Data Viz Basics Exercise Answers

Exercise 1

1a

ggplot(cereal, aes(x = rating)) +
  geom_density()

kernel density plot of breakfast cereal ratings

Alternatively, you can put the aes(x = rating) within the geom_density() call.

ggplot(cereal) +
  geom_density(aes(x = rating))

kernel density plot of breakfast cereal ratings

1b

ggplot(cereal, aes(x = rating)) +
  geom_histogram()

## `stat_bin()` using `bins = 30`. Pick better value with `binwidth`.

histogram of breakfast cereal ratings

1c

ggplot(cereal, aes(x = rating)) +
  geom_histogram(fill = 'skyblue') +
  scale_y_continuous(expand = expansion(add = c(0, 1)))

## `stat_bin()` using `bins = 30`. Pick better value with `binwidth`.

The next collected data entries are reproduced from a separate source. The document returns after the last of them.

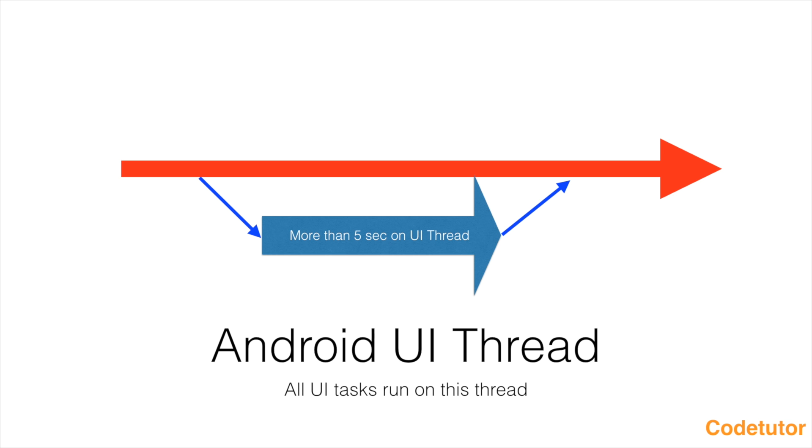Hi guys, Codetutor here and my name is Anil Deshpande. This is a continuation of the previous video where we were talking about the updation of the UI.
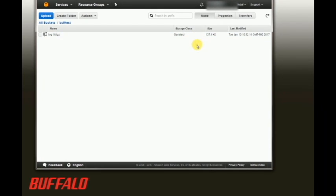So there you have it—Amazon S3 cloud service is integrated into your TeraStation.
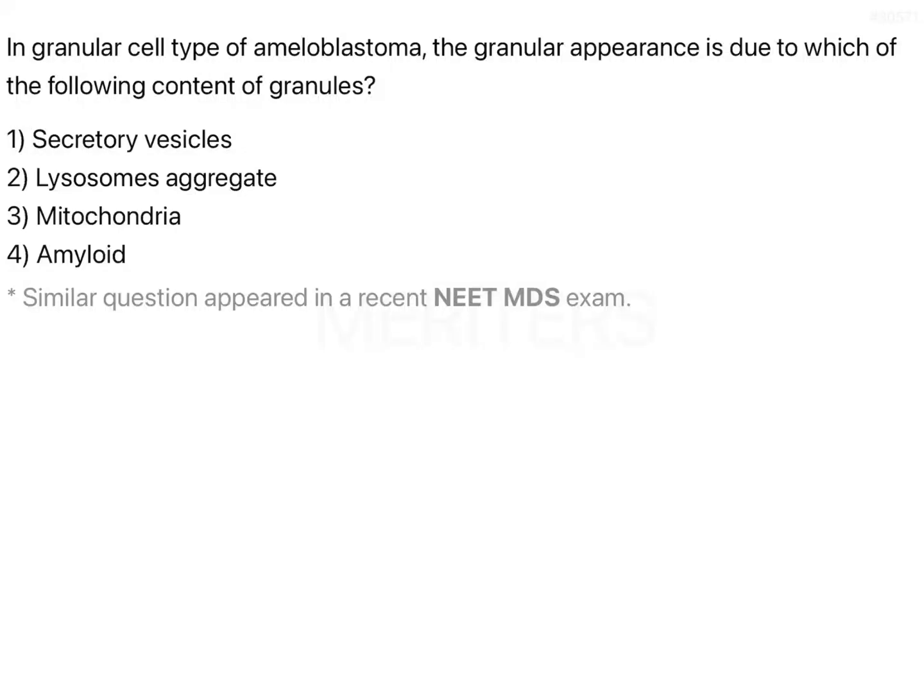In granular cell type of ameloblastoma, the granular appearance is due to which of the following content of granules?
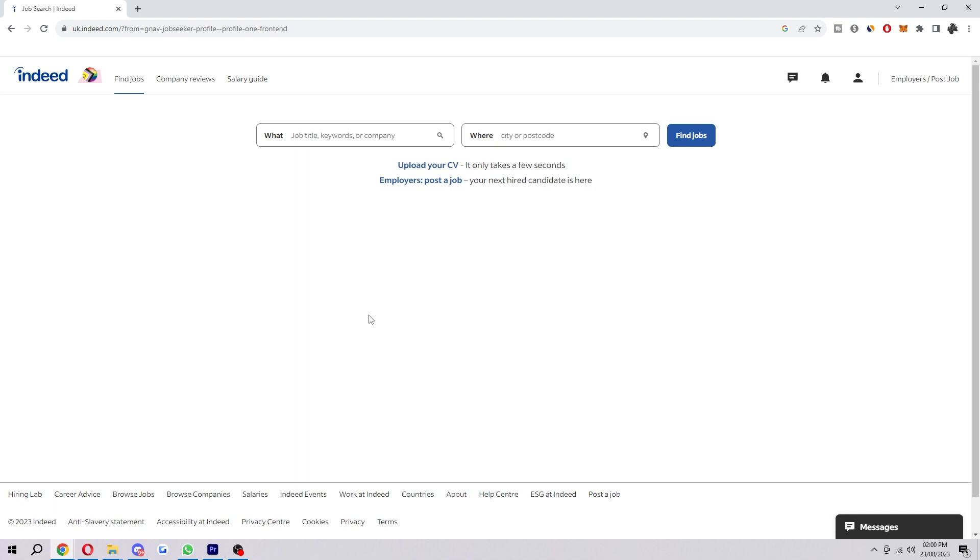So the first step is coming on to the Indeed website. Now you want to make sure you have an account, and if you don't have an account just go ahead and sign up. It doesn't take long at all. If you do have an account, just go ahead and log into your account.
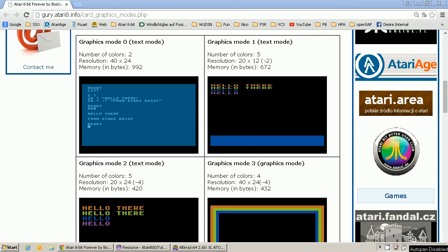Hello! After a rather long break, I welcome you back to the next part of my tutorial series about programming the Atari 8-bit computers. Today we are talking about the display list.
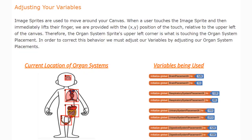Today we're going to continue with our Project 1.8 Build-A-Body app. We're going to take a closer look at our variables and how we can adjust them so all the organ systems appear in the correct location.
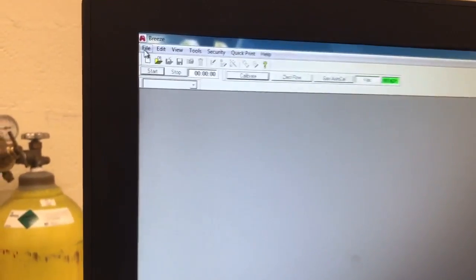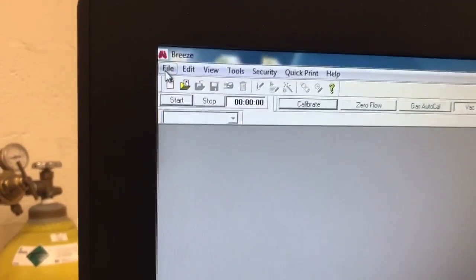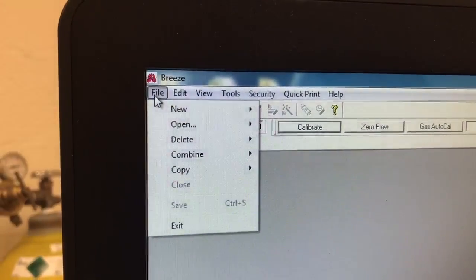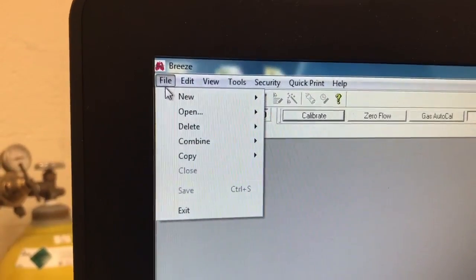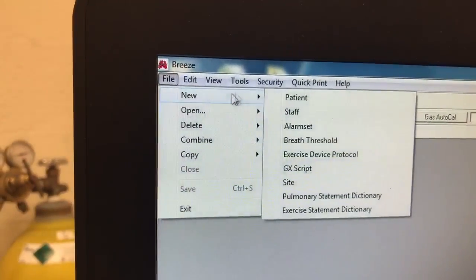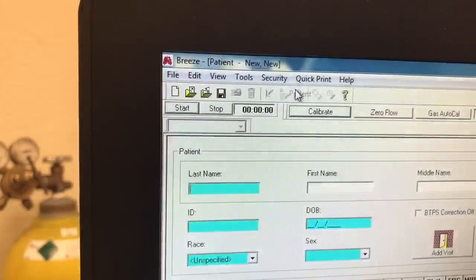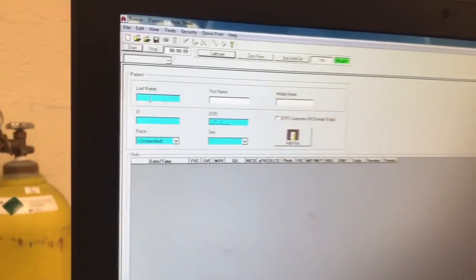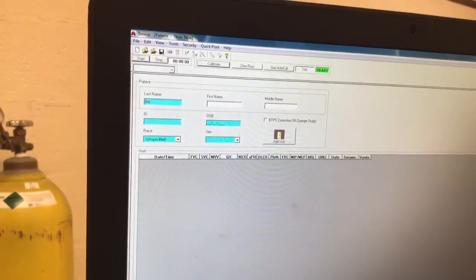Now one person can start entering patient information into the computer. Click file, new patient, and fill in the highlighted boxes.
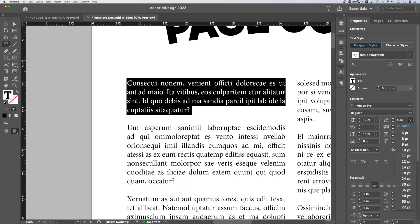If we drop this down, there's auto. Auto is just sort of whatever's set by the font, whatever's set by InDesign based on the point size of the font.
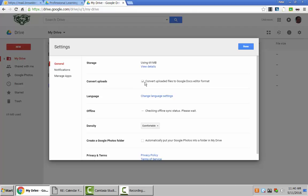By checking this box, what happens is any document — either a Word, Excel, or PowerPoint — gets automatically converted into a doc, a sheet, or a slide, one of the Google Docs formats.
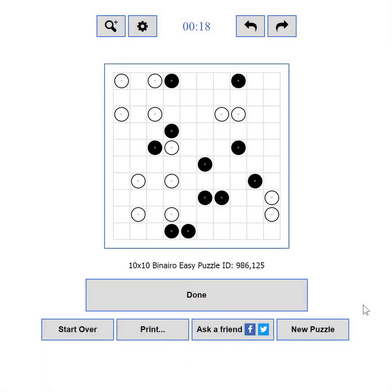This video is about how to make the most out of the user interface of puzzle-binero.com. Part 1: General Overview.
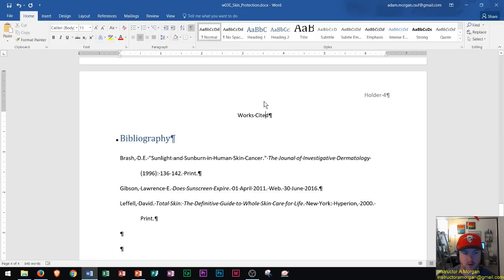That's how you insert a bibliography and different types of sources into your Word 2016 document. I hope this video was useful. If you have any questions or video requests, please put them in the comment section. Please like the video and subscribe to the channel — thank you so much for watching.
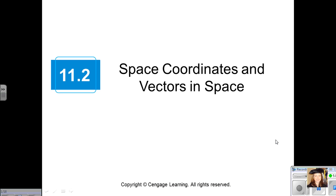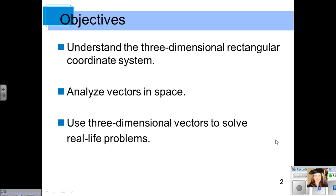Chapter 11, Section 2 is on space coordinates and vectors in space. This is an extension of what we did in Section 11.1, where all of those vectors were in the plane, having only two components. Now we're looking at vectors in space — three components, three dimensions. Our objectives are to understand the three-dimensional rectangular coordinate system, analyze vectors in space, and use three-dimensional vectors to solve real-life problems.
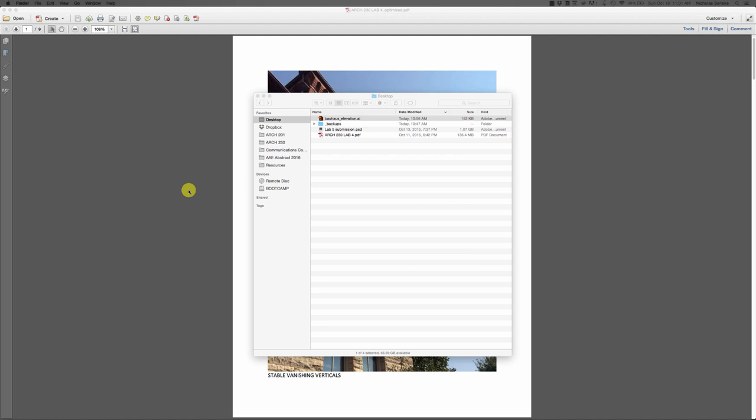Hey class, it's Nick. I got a tutorial for you today about how to reduce the file size of your PDFs. I've been noticing in a lot of assignments that there are a lot of really large files submitted. When you're sending materials to other people — like to clients to review or to a contractor or fabricator — you really want to try to manage the file size.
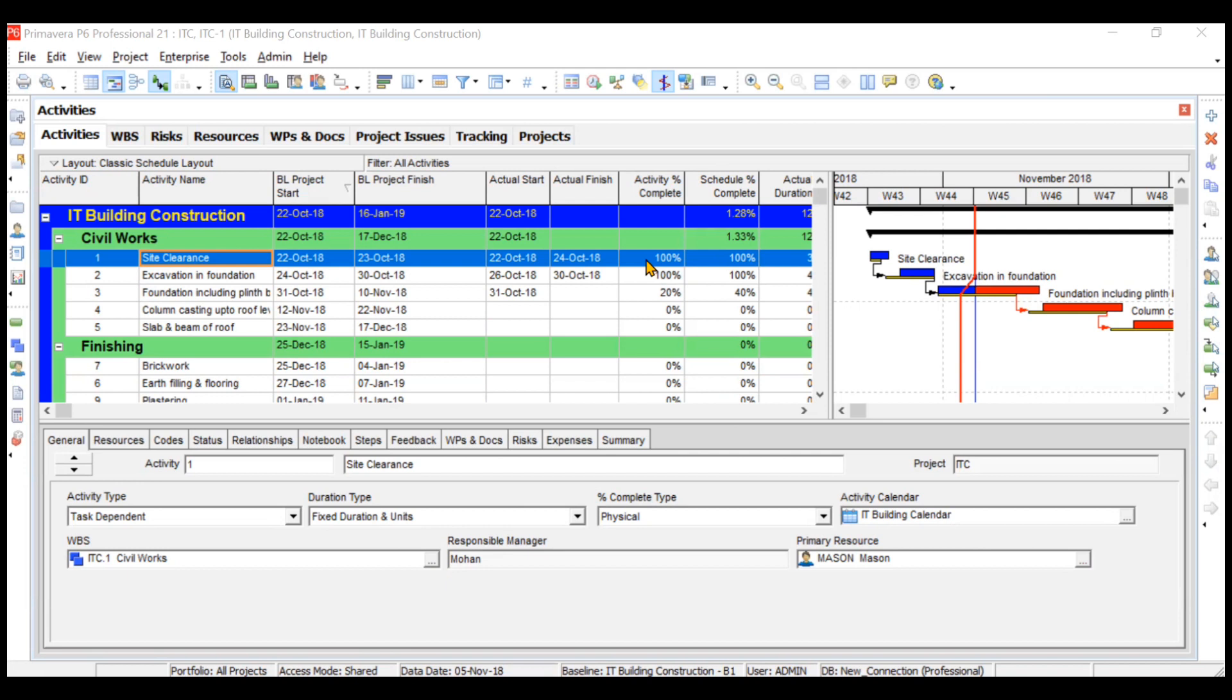These can be overheads like water and power, rental expenses, welfare expenses, or maintenance. These are called IDC costs—indirect costs or overheads. So how to take care of these costs? You can add these costs for the respective activities using an option in your detailed view called expenses.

customized histogram of breakfast cereal ratings

Note that fill = '...' is not inside aes() because it does not map back to a variable in the data. It is just a stylistic choice. You may also choose other expansion parameters. I chose add = c(0, 1) to add 0 units of padding at the lower end and 1 unit of padding at the upper end. Unfortunately this causes non-integer breaks to appear in the y-axis by default but this could be fixed by adding, for example breaks = c(0, 4, 8) to the call to scale_y_continuous().

Exercise 2

2a

ggplot(cereal, aes(x = manufacturer, y = rating)) +
  geom_boxplot()

boxplot of cereal ratings by manufacturer

2b

ggplot(cereal, aes(x = manufacturer, y = rating)) +
  geom_boxplot(fill = 'oldlace', outlier.shape = 1)

customized boxplot of cereal ratings by manufacturer

Bonus content: You might’ve noticed that the names of the manufacturers are long and overlap one another. This can be fixed by customizing the x-axis labels so that the labels wrap onto multiple lines of text as follows. I used width = 15 to split lines every 15 characters, but other numbers could be used.

ggplot(cereal, aes(x = manufacturer, y = rating)) +
  geom_boxplot(fill = 'oldlace', outlier.shape = 1) +
  scale_x_discrete(labels = function(x) stringr::str_wrap(x, width = 15))

customized boxplot of cereal ratings by manufacturer with modified x axis labels

Exercise 3

3a

ggplot(cereal, aes(x = sugars, y = rating)) +
  geom_point()

scatterplot of cereal ratings versus sugar content

3b

ggplot(cereal, aes(x = sugars, y = rating)) +
  geom_point() +
  geom_smooth(method = lm)

## `geom_smooth()` using formula = 'y ~ x'

scatterplot of cereal ratings versus sugar content with linear trend

The default for geom_smooth() is se = TRUE. The standard error around the trend is shown as a shaded region.

3c

ggplot(cereal, aes(x = sugars, y = rating)) +
  geom_point() +
  geom_smooth(method = lm) +
  facet_wrap( ~ type)

## `geom_smooth()` using formula = 'y ~ x'

scatterplot of cereal ratings versus sugar content grouped by type

Bonus content: As there are only a handful of hot cereals, all with very low sugar content and moderate to high health rating, we have a lopsided looking plot. Also, the standard errors of rating extend beyond the 0-100 range. We would have to use a special model to fix that problem if we were really doing a formal analysis here. I will fix it for plotting purposes by allowing the x-axes to vary by facet (scales = 'free_x') and using coord_cartesian() to truncate the y-axis so that the standard error envelope outside of 0-100 isn’t shown.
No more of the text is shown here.